So, the US dollar will continue to trade sideways after finding good support tat the start of the week. Clearly, many traders are unwilling to open any bold positions ahead of the key risk event this week i.e., US CPI on Thursday.
That said, the greenback could weaken if risk sentiment improves further. Yesterday, the 3-year US Treasury note auction resulted in a slightly lower yield than expected, suggesting that demand for US debt is not as badly affected by Fitch’s ratings downgrade as some had feared. There are bigger auctions taking place today and tomorrow of $38bn in 10-year notes and $23bn in 30-year notes, respectively. Given that these are long-dated bonds, they should be watched more closely.
EUR/USD outlook: Technical analysis
After being unable to reclaim broken support around the 1.1030-1.1050 area following Friday’s rally, the EUR/USD dipped back into the key support area around the 1.0900-1.0920 area on Tuesday, before bouncing back. While it remains stuck between these ranges, the EUR/USD outlook remains uncertain from a technical viewpoint.
But the underlying strength in the euro means the EUR/USD could bottom out soon. A couple of euro crosses like the EUR/AUD and EUR/NZD have broken to new highs on the year recently, pointing to strength in the single currency.
So far, we haven’t seen any signs of a bottom for the EUR/USD. But a break above that 1.1030-1.1050 resistance range could be a sign the bulls are waiting for.
The line in the sand is at 1.0833, the low from July. Any move below that level would nullify this year’s bullish trend because we will then have a lower low in the EUR/USD.

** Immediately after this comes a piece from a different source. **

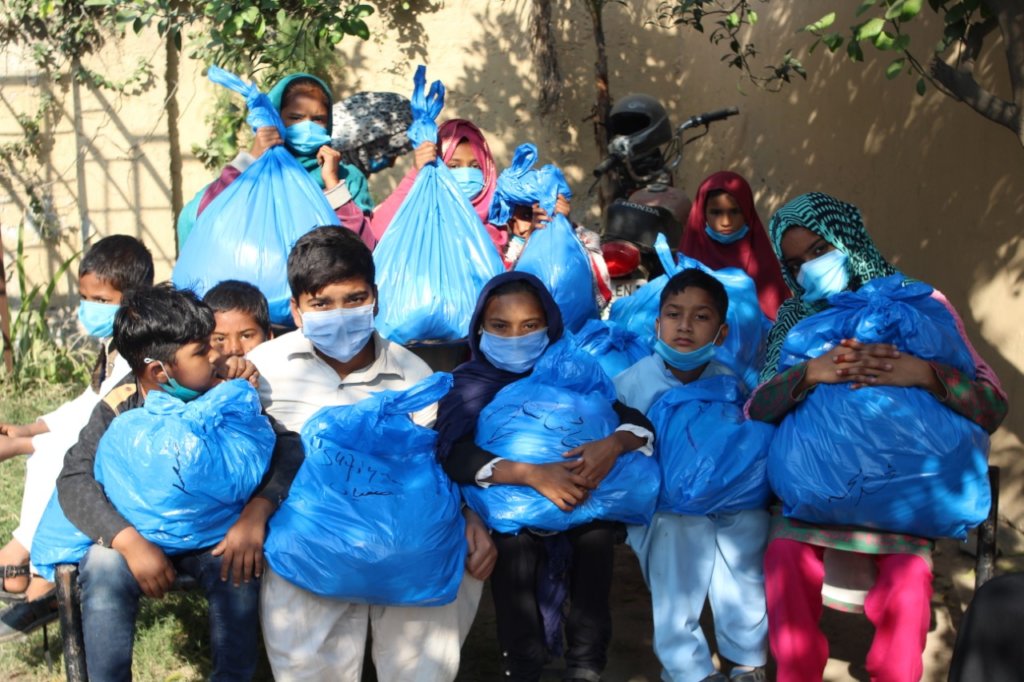 Provide 100 Homeless Children with Warm Clothes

But clearly, the onus is on the bulls. They will need to show up and fast. Perhaps a potentially weaker US CPI could trigger the recovery on Thursday.
DAX technical analysis
As mentioned in my report on Tuesday, the DAX was testing a key support area where I expected to see a recovery.

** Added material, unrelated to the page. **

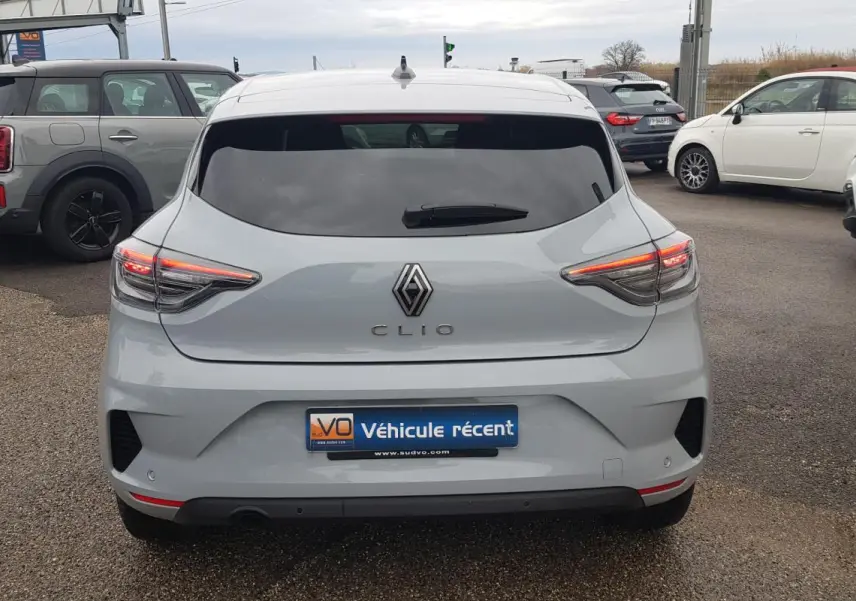 Vue arrière d'une Renault Clio gris clair 2025 avec feux LED allumés et vitres arrière surteintées.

While the markets were in full risk-off mode on Tuesday, the retreatment was taking place inside a larger bullish trend. As such, many investors were still looking to buy the dip, because they have missed out on the rally or took profit at higher levels and want to go back in.

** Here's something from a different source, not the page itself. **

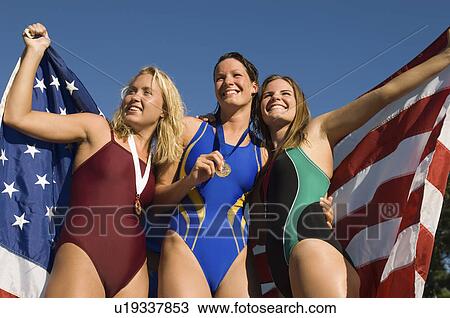 Three female swimmers celebrating victory, (low angle view) View Large Photo Image Stock Image - Three female swimmers celebrating victory, (low angle view). Fotosearch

So, I was expecting to see a rebound – even if it ultimately didn’t last long. And that’s precisely what happened around the 15700-15720 area on the DAX. This is where the German index had rallied from in July. It has now arrived near that support-turned-resistance area around the 16K mark, where the earlier rally had stalled at the time of writing.
With the market recently moving below the short-term 21-day exponential moving average, the near-term path of least resistance is still technically bearish until proven otherwise. A potential move back above 16,000 would therefore be a welcome sign for the bulls as this would invalidate the bearish bias.
However, in the event of a bullish no-show around here, there is a risk the DAX could fall back to re-test that big support area again around 15700-15720… and if that area eventually breaks then the July low at 15450 would become the next downside target for the bears to attack.